Elasticsearch: Bulk ingest data
Often you think of a solution to a simple problem and once you come up with that solution you realise you need to apply this to a large dataset. In this post, I will explain how I deployed a simple solution to a larger dataset while preparing the system for future growth. Here’s the state of play before changes in my client’s eCommerce system:
Existing System:
- Login to aggregator’s portal to retrieve datafeed URI
- Login to customer admin interface to create or update merchant details
- Create cron job to pull data from partner URI after inital setup
- Cron job dumps data in MySQL
- Client shopping UI presents search field and filters to customers to search and use
- Search result is extremely slow (homepage: 2.03 s, search results page:35.73 s, product page:28.68 s ).

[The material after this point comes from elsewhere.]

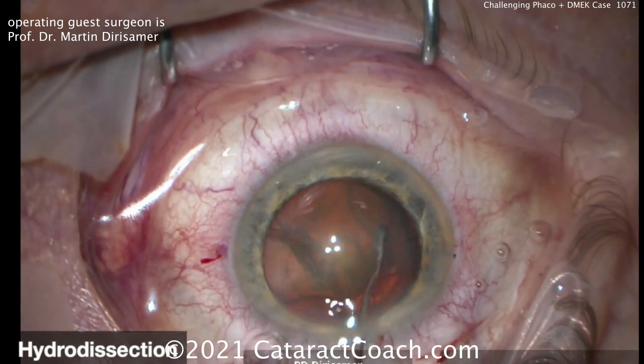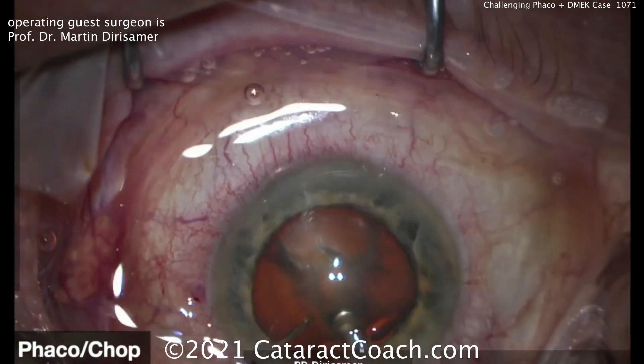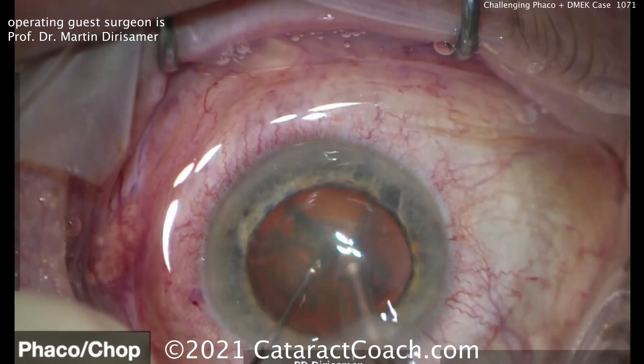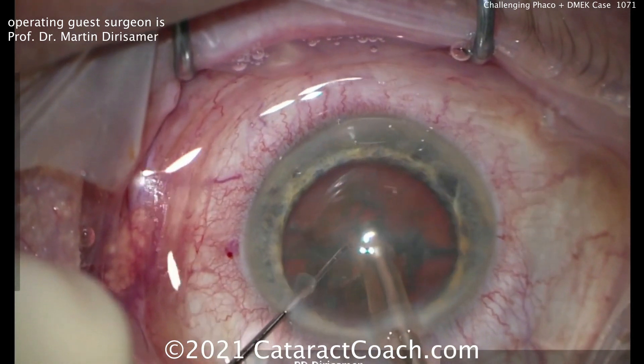A little light hydrodissection going on here, and the nucleus removal is going to be using the CHOP technique. All advanced surgeons are using the CHOP technique — something you definitely want to learn. He just has a little chop here, splits the nucleus in half, rotates it again, and breaks it into smaller fragments. That's the easy part.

Notice the search results and product pages are completely unacceptable
Proposed System:
Phase 1:
- Follow steps 1-4 of existing system
- Export MySQL data as csv
- Create an instance of Elasticsearch with an index to store product data
- Export MySQL data as CSV
- Create script that bulk insert the exported data into Elasticsearch
- On command line, search Elasticsearch instance using various product attributes (product name, type, category, size etc.). Check the time speed of search results.
Phase 2:
- Build a search interface that uses Elasticsearch
- Display search results with pagination
- Add filters to search results
- AB Test existing search interface and Elasticsearch based and compare conversion (actual sales)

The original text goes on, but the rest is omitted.